E’ celebre in tutto il mondo per le sue bellezze e per i panorami suggestivi, Procida è tra le isole gioiello del Mediterraneo situata nel Golfo di Napoli e comprende nella sua struttura geografica anche il vicino e disabitato isolotto di Vivara, è di origine vulcanica ed è nata dalle eruzioni di almeno quattro diversi vulcani, attualmente spenti e in gran parte sommersi.

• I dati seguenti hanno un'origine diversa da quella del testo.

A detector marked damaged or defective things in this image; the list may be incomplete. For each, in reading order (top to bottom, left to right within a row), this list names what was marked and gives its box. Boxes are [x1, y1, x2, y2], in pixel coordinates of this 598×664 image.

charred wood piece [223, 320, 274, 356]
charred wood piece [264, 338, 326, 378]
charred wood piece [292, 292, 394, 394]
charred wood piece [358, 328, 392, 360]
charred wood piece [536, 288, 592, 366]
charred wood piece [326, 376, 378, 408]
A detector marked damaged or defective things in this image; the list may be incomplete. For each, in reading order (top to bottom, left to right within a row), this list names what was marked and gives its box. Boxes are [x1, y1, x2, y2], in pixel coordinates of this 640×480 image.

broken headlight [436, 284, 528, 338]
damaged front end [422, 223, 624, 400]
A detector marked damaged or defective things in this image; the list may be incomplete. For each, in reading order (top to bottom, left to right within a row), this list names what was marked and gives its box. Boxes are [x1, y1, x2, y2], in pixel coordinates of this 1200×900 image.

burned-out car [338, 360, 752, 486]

Anche se Procida è tra le isole più piccole del Golfo di Napoli, fu la prima ad essere abitata: da quanto appreso da recenti ritrovamenti archeologici, l’isola di Vivara pare fosse già popolata intorno al XVI – XV secolo a.c presumibilmente da coloni Micenei che la scelsero come sede per la fabbricazione dei metalli. Di certo, secondo testimonianze attendibili, Procida fu occupata da coloni Calcidesi, provenienti dall’isola di Eubea; in seguito l’isola fu abitata dai Greci di Cuma, la cui presenza è ancor oggi rintracciabile dall’immenso patrimonio artistico donato come, ad esempio, i borghi pittoreschi di Callia e Corricella e le case color pastello.

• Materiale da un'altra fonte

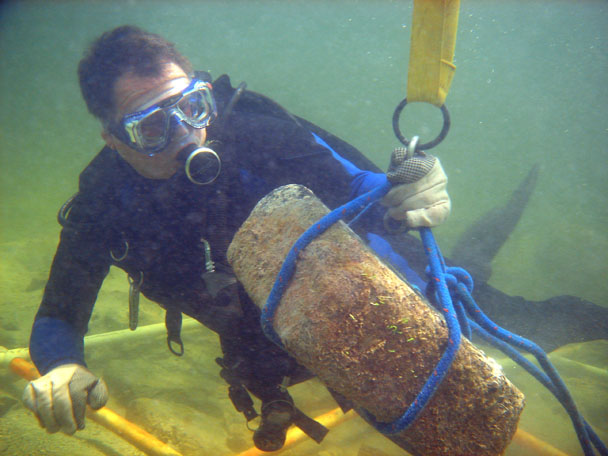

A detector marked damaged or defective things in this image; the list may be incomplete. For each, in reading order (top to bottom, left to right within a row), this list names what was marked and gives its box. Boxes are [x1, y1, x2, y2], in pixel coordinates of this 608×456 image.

rusty cylindrical object [228, 185, 524, 456] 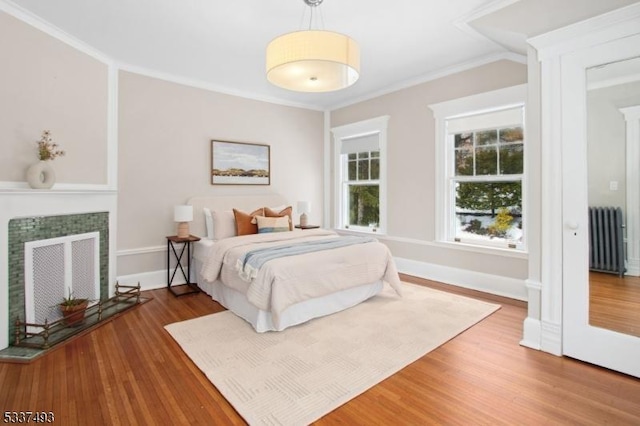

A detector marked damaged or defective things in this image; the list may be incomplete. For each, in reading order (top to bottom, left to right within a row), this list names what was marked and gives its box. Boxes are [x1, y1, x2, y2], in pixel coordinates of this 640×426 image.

rust throw pillow [234, 207, 264, 236]
rust throw pillow [262, 206, 292, 230] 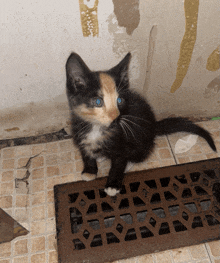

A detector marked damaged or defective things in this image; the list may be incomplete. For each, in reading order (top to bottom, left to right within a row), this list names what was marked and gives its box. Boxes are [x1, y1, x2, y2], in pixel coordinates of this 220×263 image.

peeling paint on wall [78, 0, 98, 37]
peeling paint on wall [112, 0, 140, 35]
peeling paint on wall [170, 0, 199, 93]
rusty metal vent [54, 159, 220, 263]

Durante la dominazione romana, l’isola fu considerata dai patrizi come un vero e proprio luogo di villeggiatura e ciò è testimoniato non solo dalle ville sparse sul territorio, ma anche dal poeta romano Giovenale che la descrisse come il luogo ideale per un soggiorno tranquillo e raccolto.

Dopo varie vicissitudini storiche e solo dopo l’Unità d’Italia, ha inizio il periodo di splendore, tanto da essere soprannominata capitale nei traffici marittimi. Nel 1868 fu inaugurato il nuovo porto e nel 1875 il cantiere navale, cui segue la nascita dell’Istituto Nautico incaricato di formare costruttori e comandanti di navi. Non sorprende quindi che, ancora oggi, sia ancor più di Ischia e Capri, fucina di marinai e pescatori.

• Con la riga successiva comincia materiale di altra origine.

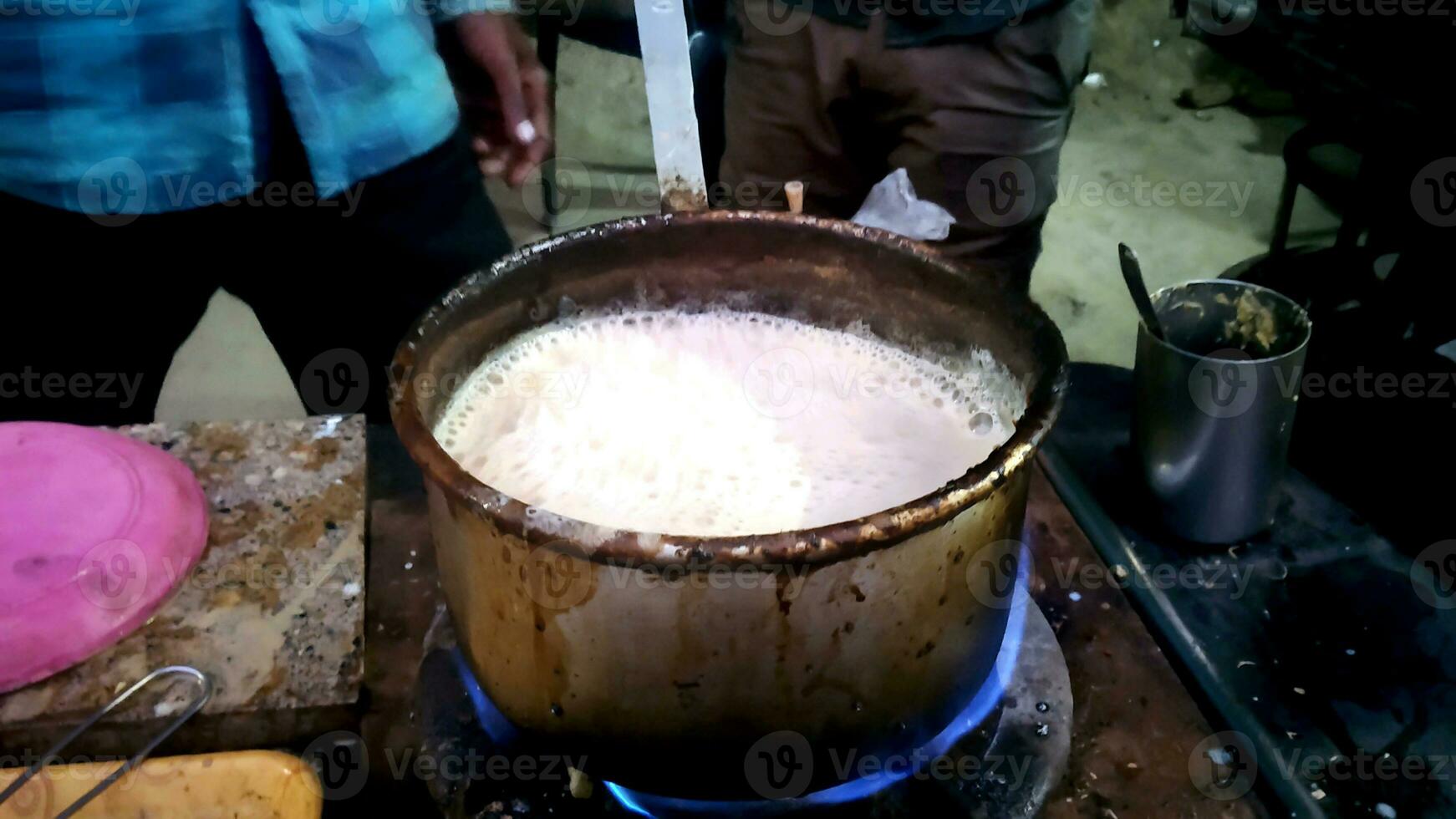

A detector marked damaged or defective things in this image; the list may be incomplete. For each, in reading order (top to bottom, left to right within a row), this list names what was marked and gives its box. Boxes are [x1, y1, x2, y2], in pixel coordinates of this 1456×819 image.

Indiscutibilmente Procida è una delle mete estive predilette da turisti e viaggiatori, sebbene sia inflazionata rispetto ad Ischia e Capri. La letteratura e il cinema hanno da sempre caratterizzato l’isola: da diversi anni, nel mese di settembre, il Comune di Procida organizza una settimana dedicata alla cultura durante la quale viene assegnato il premio letterario dedicato alla scrittrice Elsa Morante.

Passando al cinema, Procida è stata una location ambita per la rappresentazione di un gran numero di film, ne è un esempio Il Postino con Philippe Noiret e Massimo Troisi e Il talento di Mr. Ripley con Matt Damon. Inoltre, Ogni estate, tra luglio e agosto, viene eletta la Graziella, ovvero una giovane donna procidana tra i 14 e i 21 anni che ha il compito di indossare l’antico e caratteristico costume dell’isola ricamato in oro, in onore alla storia raccontata nell’omonimo romanzo di Alphonse De Lamartine.